Much like the original production of the award-winning drama – also written by Moises Kaufman and members of the Tectonic Theater Project – this new docu-drama recreates interviews of real people as they look back on homophobia, fear and death in retrospect.
We talked to one of the cast members John Schultz about his multiple roles in the show, and what audiences can expect to learn a decade after the tragic headlines were made.
What kind of impact has the Laramie story had on you as both an actor and openly gay man?
As a gay man, I fortunately don’t encounter a lot of homophobia in my day-to-day life. But working on this piece has re-invigorated my awareness of homophobia, hatred towards gays and the consequences of both.
How did you first get involved with the production and GayFest?
I auditioned.
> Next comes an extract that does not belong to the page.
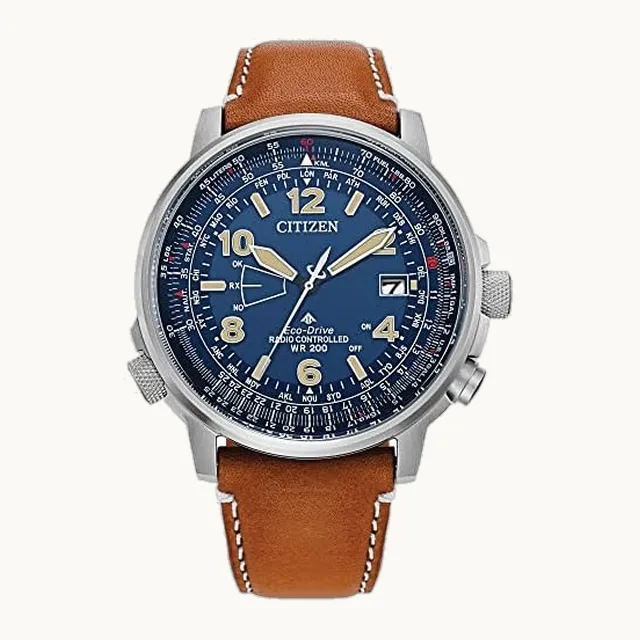 Eco-Drive Promaster Eco Sky para hombre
Then I got lucky.
What roles do you play in this show?
Dave O’ Malley, one of the lead investigating officers of Matthew’s murder; Jonas Slonaker, an openly gay Laramie resident; Greg Pierotti, one of the Tectonic Theatre Company members, and a few other Laramie residents.
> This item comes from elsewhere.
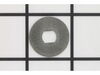 Metal Drag Washer – Part Number: 20906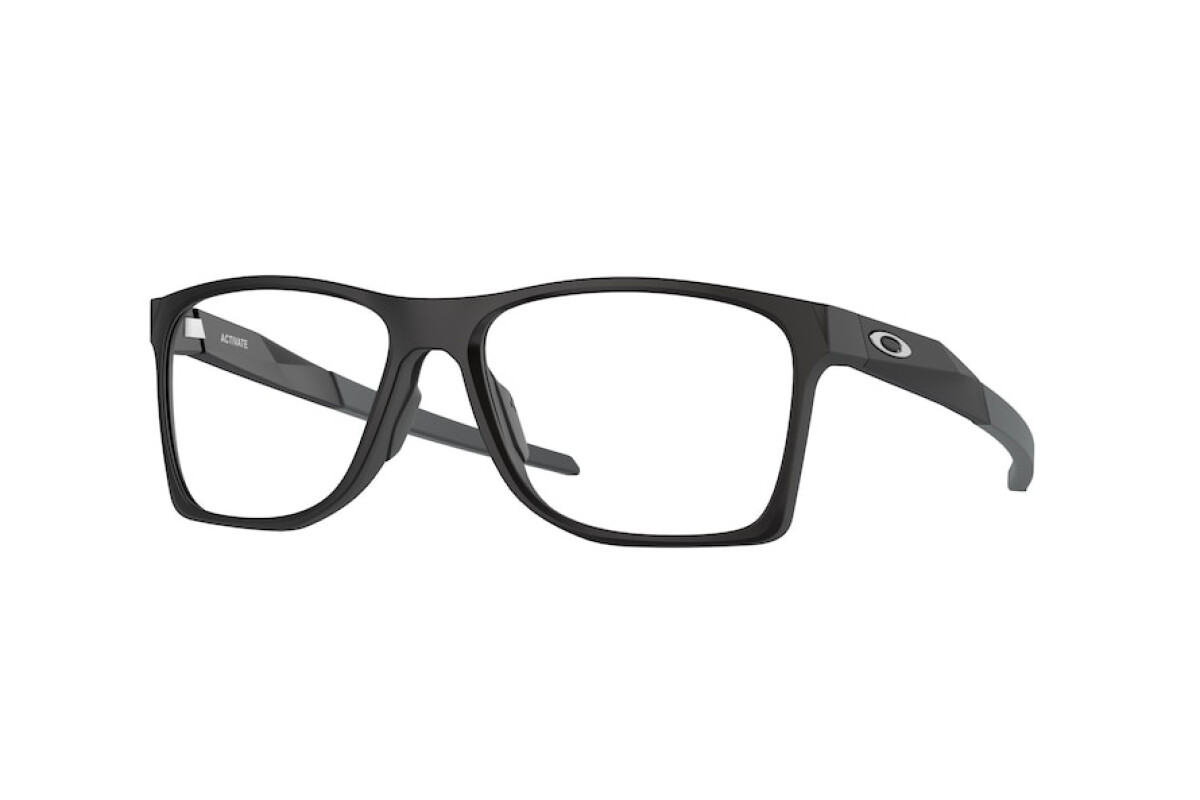 Eyeglasses Man Oakley Activate OX 8173 817301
How is this play different from the first Laramie Project?
For me, Laramie: 10 Years Later is more sober and refined. We also hear from both of Matthew’s killers, Aaron McKinney and Russell Henderson, and Matt’s mom Judy Shepard, which we didn’t in the first. These are some moments in the piece just take the air out of the room. And with Laramie: Ten, we’re dealing with some challenging subject matter like, how do you measure change?
How have these people been changed by Matthew Shepard’s murder, and the impact it had on the country?
Well, we can learn that the rate of change, and progress, is slow. That’s the hard-won lesson of the piece. But we can also gather that however maligned or forgotten Matt’s story has become, there are people who remember, and were changed by this tragedy and who are still working for change.
What are some of the challenges you face as an actor bringing real people and their stories to life?
As an actor, the language has challenged the way I work, because these are the thoughts and words of real people, not dialogue that was crafted for the actor’s mouth. So what you get is all the quirks and musicality and complexities of real people.
Any other shows coming up?
Yes! I will be playing Bianca in an all-male production of Othello with Quintessence this fall.